Clinical studies of 5-HT subtype-selective agonists or antagonists have suggested a role of 5-HT in the etiology and treatment of such different neuropsychiatric disorders as the anxiety disorders, depression, alcoholism, schizophrenia, migraine, sexual dysfunctions and Alzheimer's disease (see Murphy, D., Neuropsychiatric Disorders and the Multiple Human Brain Serotonin Receptor Subtypes and Subsystems, Neuropsychopharmacology, 3, No. 5/6, pp. 457-471 (1990). Pharmacological and clinical data suggest that 5-HT and in particular 5-HT.sub.2 receptors may play a role in schizophrenic symptomology and in the mechanism of action of some antipsychotic drugs.
A phenomenon known as prepulse inhibition (PPI) is known to be disrupted in individuals with schizophrenia. PPI is a measure of "sensory gating" or "sensory filtering" in animals and man and disrupted PPI may represent a fundamental deficit in the ability of these individuals to gate sensory information. Studies have shown that the amplitude of the startle reflex is inhibited when the startling stimulus is preceded 30-500 msec by a weak "prepulse". This "prepulse inhibition" (PPI) is a measure of sensorimotor gating that is impaired in disorders characterized by deficient gating of irrelevant sensory information (schizophrenia) or motor activity (Huntington's Disease). Substantial evidence indicates that PPI is modulated by neural circuitry linking the limbic cortex, striatum and pallidum.

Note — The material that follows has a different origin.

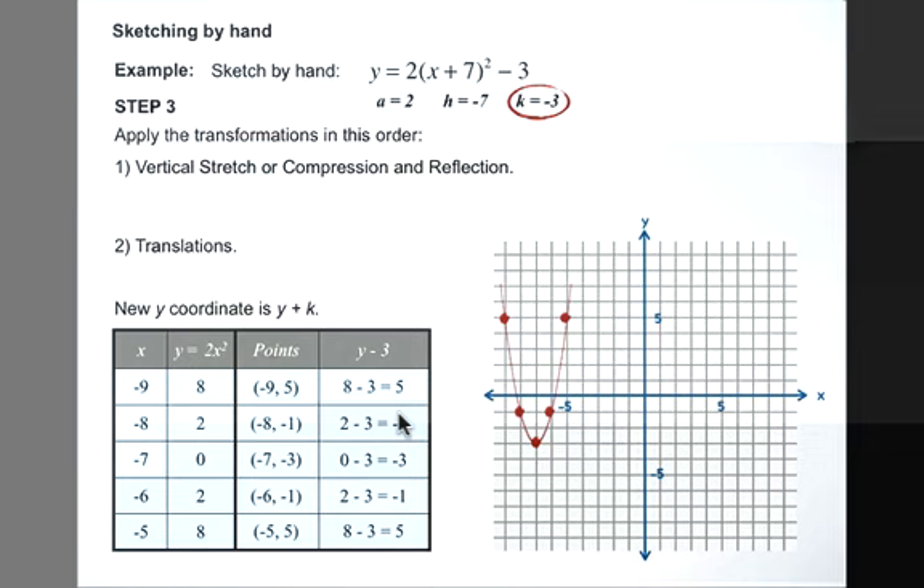We've now done all the transformations to y equals x squared. That will represent our given quadratic relation: y equals 2 times x plus 7 squared minus 3.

It has recently been demonstrated that patients with obsessive-compulsive disorders (OCD) also fail to inhibit or "gate" intrusive, distressing thoughts or images. Since OCD is characterized by deficient "cognitive gating" and by aberrant metabolic activity in circuitry linking the orbital cortex and striatum, it has been predicted that OCD patients might exhibit deficient PPI. Indeed, in a study of eleven OCD patients and 13 normal controls, it was demonstrated that OCD patients exhibited less PPI than control subjects. Swerdlow, N. R., Benbow, C. H., Zisook, S., Geyer, M. A., and Braff, D. L., Impaired Sensorimotor Gating in Obsessive Compulsive Disorder(OCD), abstract from the Abstracts of Panels and Posters, p. 155, American College of Neuropsychopharmacology 31st Annual Meeting, San Juan, Puerto Rico, Dec. 14-18, 1992. These findings suggest that the inability to "gate" intrusive thoughts and images in OCD is accompanied by quantifiable deficits in sensorimotor gating and suggests PPI might be a useful measure for understanding the pathophysiology of OCD. Currently, serotonin-selective reuptake inhibitors (SSRI) are used to treat the symptoms of OCD. However, we are not aware of any data, other than such data as is presented herein, that indicates that SSRIs reverse the deficits in PPI in OCD.